Со всем тем страна Паллады чувствовала себя дочерью повелителя эллинов Агамемнона и законной наследницей его власти. Отчаянно боролась она за нее, но успех не был на ее стороне. Тот самый Геллеспонт, который видел некогда торжество Агамемнона, был свидетелем уничтожения последних афинских сил; вскоре город сдался спартанскому военачальнику Лисандру и его союзникам, отдавая в его руки свою судьбу. Жестокие предложения делались тогда в палатке Лисандра – и на военном совете, и за товарищеской трапезой: чем более кто раньше дрожал перед могуществом Афин, тем более желал он теперь стереть ненавистный город с лица земли, жителей продать в рабство, а страну обратить в пастбище. Тогда, говорит Плутарх, один из сотрапезников запел первую хорическую песнь из Еврипидовой "Электры":
Намек был понят; он тронул присутствующих до слез. Афины не были разрушены, но гегемонию они потеряли: жезл Агамемнона перешел к тому городу, в котором находилась признанная могила его сына.

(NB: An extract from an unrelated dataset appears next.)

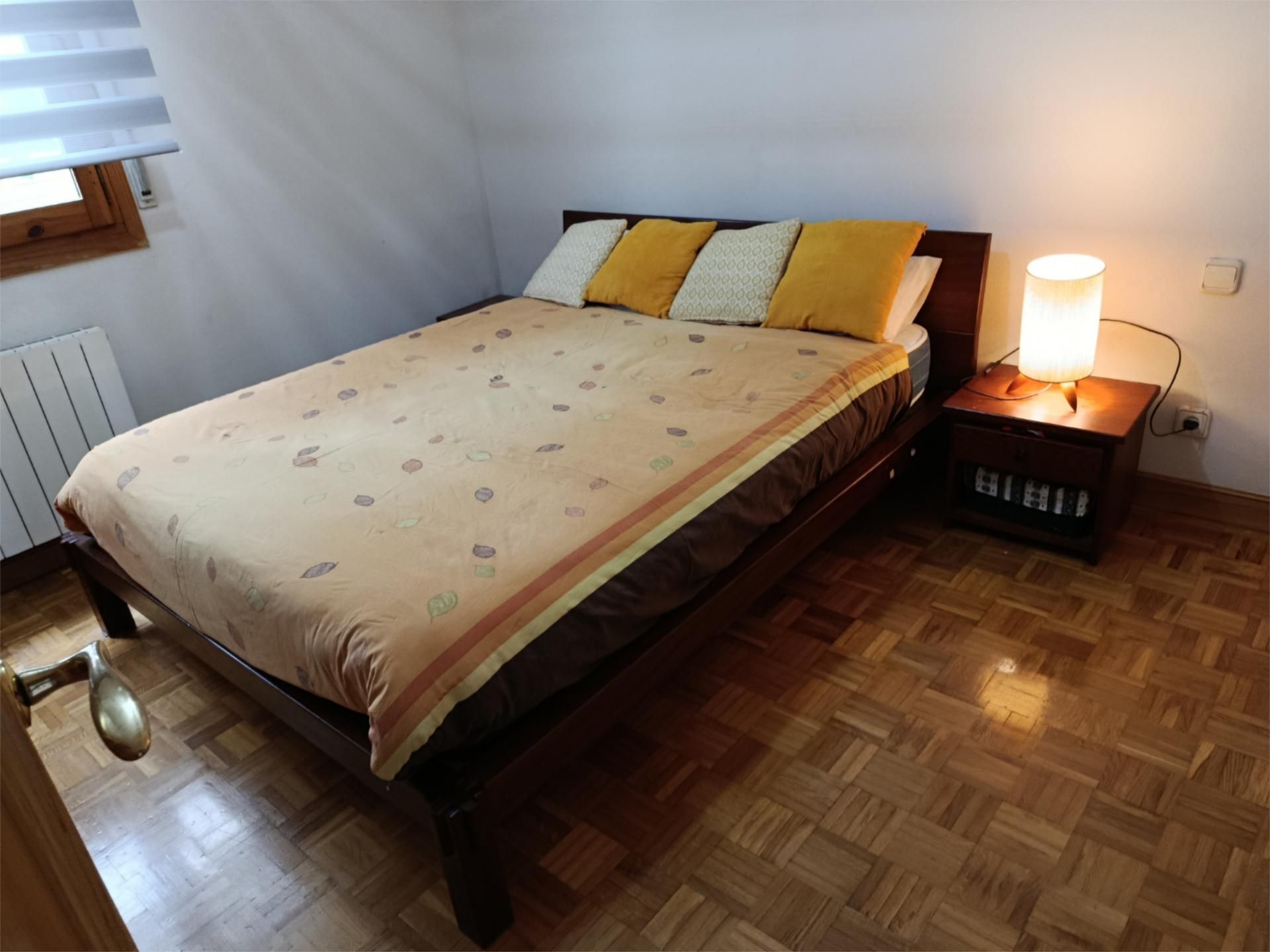 Habitación de Piso para compartir en Valle de Egüés / Eguesibar con Amueblado y Balcón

Вторично Спарта стала мечом Эллады; под ее предводительством возобновилась война с вековым восточным врагом. Чтобы засвидетельствовать перед всеми историческую связь спартанской гегемонии с героической гегемонией Атридов, спартанский царь Агесилай задумал открыть поход, по примеру Агамемнона, жертвоприношением в Авлиде. Но Авлида была на беотийской территории; Фивы, которым было суждено пожать плоды раздора между обоими могущественными греческими государствами, воспротивилась затее Агесилая, и она не удалась. Это авлидское жертвоприношение – последняя попытка использовать обаяние легенды о гегемонии Атридов, о которой мы знаем; в последовавшее время она окончательно отошла в область поэзии. Мифотворная сила греческого народа иссякла, и кредит политической мифологии был подорван навсегда.
VIII. Изложение наше зашло вперед, чтобы до конца проследить влияние политической эволюции на развитие интересующего нас мифа; теперь прошу читателя вернуться к тому месту, где у нас оборвалась нить развития нравственных идей в связи с развитием того же мифа. Дельфийская Орестея должна была возвестить миру две новые истины: во-первых, что право души на кровавую месть есть право священное и неукоснительное, кем бы ни приходился убийца мстителю; во-вторых, что Аполлон может очистить преступника во всяком случае, каким бы грехом он себя ни запятнал. Опасные последствия первой истины предупреждались второй: мститель терял право на кровавую месть, если убийца был очищен Аполлоном; но вторая истина делала Аполлона и его дельфийских заместителей руководителями совести всех верующих эллинов. Не встреть дельфийский бог отпора этим своим притязаниям – вся история греческой культуры получила бы сакральный, теократический характер; политикой Греции стала бы воля дельфийской коллегии, ее философией – дельфийские славословия в честь победы светлокудрого бога над великим Змеем, взлелеянным Землей.